This is a very good question; the reason it's taken me so long to answer is that I've been thinking about it for quite some time and discussing it with friends. I don't have a definite answer; all I can offer is a hypothesis.
Some observations: First, it's not just water that does this. A drop of oil on paper or clothing produces a similar effect. Second, it doesn't always make things darker. A wet spot on cloth or paper looks dark when you're on the same side of the cloth as the light source, but it looks lighter than the rest of the cloth when you look through the cloth toward the light. So liquids like water or oil seem to increase the transparency of porous materials like paper or cloth: they get easier to see through rather than actually darker.
One thing paper, cloth, soil, concrete, hair, etc. all have in common is that on a microscopic scale, they're partly transparent. Rock, sand and soil have lots of tiny, colored crystals in them. The fibers in hair, paper, and cloth look like transparent glass rods close-up. Most light-colored substances are actually composed of small clear bits: they look white because the light reflects off the surface of the clear bits, bouncing around like a billiard ball before scattering in all directions.
Things which aren't white, like colored sand, concrete, or hair, are often made of clear but colored substances, like a brown or green beer bottle. Notice that some light reflects off the surface of a beer bottle, but the light that gets through the surface gets colored because the glass absorbs some colors of light.
Light will reflect off a surface for one of two reasons: either the surface is a conducting metal, or the substance has a different "index of refraction". When light hits a conducting metal, it's as if it hit a brick wall: it has no choice but to turn around and go back. You can think of light travelling through materials with different indices of refraction as being like a crowd of people walking over sections of floor at different heights. When the crowd comes to the high "step" where a raised piece of floor begins, some of them cand climb up the step and keep going, while others decide it's not worth the effort and turn around to go back. Similarly, when light hits a material with a different index of refraction, some of it is reflected, some of it is transmitted.
Most solids, like rock, glass, hair, cellulose (cloth and paper), and plastic have a very high index of refraction. Air has a low index of refraction, so when light travelling through air hits a solid, lots of it is reflected (it's a very high "step up"). Liquids like water or oil have an index of refraction between air and most solids, so if you put a layer of water over a solid like glass or paper, you put a "halfway step" between the two "levels of floor". Just like a stairstep, this makes it much easier to go from one "level" to the other: more light goes through into the solid than when there was no water.

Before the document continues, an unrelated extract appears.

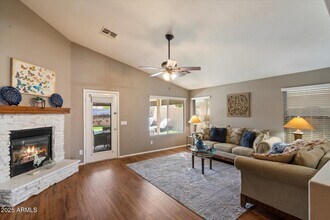 42187 W Chisholm Dr in Maricopa, AZ - Building Photo - Building Photo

So you see that by providing an index of refraction between air and a solid substance, you reduce the amount of light reflected by the substance. If less light is reflected back into your eyes, the substance will appear darker. If the substance is between you and the light, more light will be transmitted through the substance to your eyes.
You can probably test this hypothesis. Look up the indices of refraction of various materials like glass, polyester, and cellulose. Look up the indices of refraction of various liquids like water, oil, alcohol, or glycerine. Wet the different solids with the different liquids, and see if the darkness of the wet spot changes with different liquids. Look in an optics textbook to find out how much reflection should occcur at the interface of objects with different indices of refraction, and see if your results make sense.